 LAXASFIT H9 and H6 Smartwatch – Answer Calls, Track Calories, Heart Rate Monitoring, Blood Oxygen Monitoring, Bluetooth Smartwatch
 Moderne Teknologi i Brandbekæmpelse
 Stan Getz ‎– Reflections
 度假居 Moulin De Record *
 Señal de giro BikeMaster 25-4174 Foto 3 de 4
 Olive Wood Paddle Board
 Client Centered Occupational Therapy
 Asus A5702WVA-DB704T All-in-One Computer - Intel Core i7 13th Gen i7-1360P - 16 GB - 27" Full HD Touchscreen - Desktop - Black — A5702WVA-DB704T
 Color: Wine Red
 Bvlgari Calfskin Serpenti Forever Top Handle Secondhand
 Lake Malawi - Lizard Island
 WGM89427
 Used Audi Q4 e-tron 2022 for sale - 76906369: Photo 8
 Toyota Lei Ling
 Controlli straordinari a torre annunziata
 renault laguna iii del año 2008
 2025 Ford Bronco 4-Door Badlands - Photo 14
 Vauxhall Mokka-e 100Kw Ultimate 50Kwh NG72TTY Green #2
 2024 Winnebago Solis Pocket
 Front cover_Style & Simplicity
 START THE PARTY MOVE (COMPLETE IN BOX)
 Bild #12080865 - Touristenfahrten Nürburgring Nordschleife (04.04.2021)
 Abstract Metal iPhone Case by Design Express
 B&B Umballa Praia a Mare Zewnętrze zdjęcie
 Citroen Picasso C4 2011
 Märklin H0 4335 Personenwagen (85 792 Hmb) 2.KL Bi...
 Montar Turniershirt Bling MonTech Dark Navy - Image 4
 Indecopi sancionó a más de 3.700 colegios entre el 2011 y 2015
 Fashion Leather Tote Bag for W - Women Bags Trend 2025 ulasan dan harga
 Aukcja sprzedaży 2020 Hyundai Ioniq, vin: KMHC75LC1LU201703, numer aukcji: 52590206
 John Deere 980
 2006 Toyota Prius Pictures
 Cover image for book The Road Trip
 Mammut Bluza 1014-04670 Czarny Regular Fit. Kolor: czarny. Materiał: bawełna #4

• • • • • • •

* [Exercise objective]: Starting at the line that contains "Indecopi sancionó a", return every line through the last one above, exactly as written.

* [Written response]:
 Indecopi sancionó a más de 3.700 colegios entre el 2011 y 2015
 Fashion Leather Tote Bag for W - Women Bags Trend 2025 ulasan dan harga
 Aukcja sprzedaży 2020 Hyundai Ioniq, vin: KMHC75LC1LU201703, numer aukcji: 52590206
 John Deere 980
 2006 Toyota Prius Pictures
 Cover image for book The Road Trip
 Mammut Bluza 1014-04670 Czarny Regular Fit. Kolor: czarny. Materiał: bawełna #4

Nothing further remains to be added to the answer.